どこをどう安心したらいいか分からねぇ。結局死んだんだろ、俺は。
というか、こんな美女なのにフランク過ぎやしないか?
「あ、自己紹介しときますね。私は女神をやっている者です。えっへん……あれ?あんまり驚いてませんね」
いや、まぁ。だいたい予想できてたし。
そりゃもちろん驚いているとも。女神、というか神がいるなんて思ってなかったし。こんなにフランクだと思ってなかったし。
「今までの人はもうちょっと面白い反応してくれたんですけどね。まぁいいです。」
「神様って、死人をいちいち呼び出してお話するのが趣味なのか?」
「そんな素敵な趣味してませんよ。死んだ魂は、新しい命にリサイクルするのが基本です。あなたを呼び出したのは特殊な理由です」
きた。本題。
もうここまで言われれば誰だって分かる。
神が死んだ人間を呼び出してする事。そんなの1つだろ。
「あなたには──ナメクジに生まれ変わってもらいます!」
ずっこけてしまった。ここまで見事にずっこけたのは久しぶりだった。
……は!?どう言うことだよ!?神が人間呼び出しておいてナメクジになれだ?冗談じゃねぇよ!誰が好き好んでナメクジなんかになるんだ!まさかお前女神じゃねぇな!?本物の女神をどこへやった!?
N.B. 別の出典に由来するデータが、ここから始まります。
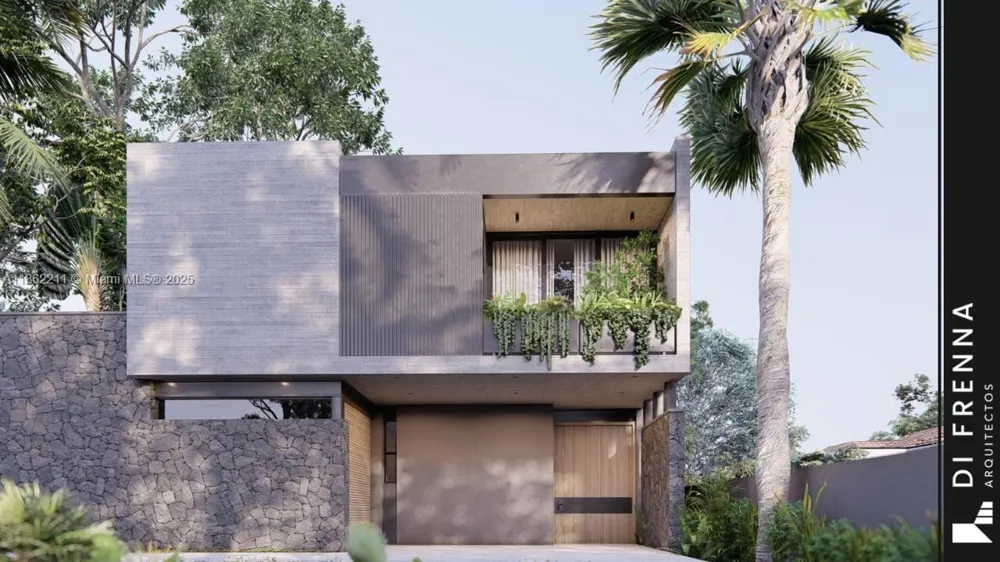 Villa di prossima realizzazione a Miami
俺がそんな感じで狼狽してると、女神(自称)が吹き出した。
「プッ……アハハハハ!冗談ですよ冗談。いやぁ面白い反応が見られましたね~……って、そんな怖い顔しないでくださいよ」
……この女、一発ぶん殴ってもいいだろうか。
例え絶世の美女でも、こいつなら本気で殴れる。真の男女平等の元にこいつを裁いてくれようか……
「ふぅ。では、真面目にいきましょう」
よし、ついにだ。
頼むぞ。女神ならちゃんとお約束を守ってくれ!お願いだから俺が望んでいる答えを出してくれ!
「あなたには──ナメクジの怪人になっもらいます!」
またずっこけてしまった。さっきよりも盛大に。
どう言うことだ!何でスケールアップして怪人になってんだ!つーかナメクジの怪人てなんだよ!そんなのスーパー戦隊で見たことないぞ!やっぱお前女神じゃねぇな!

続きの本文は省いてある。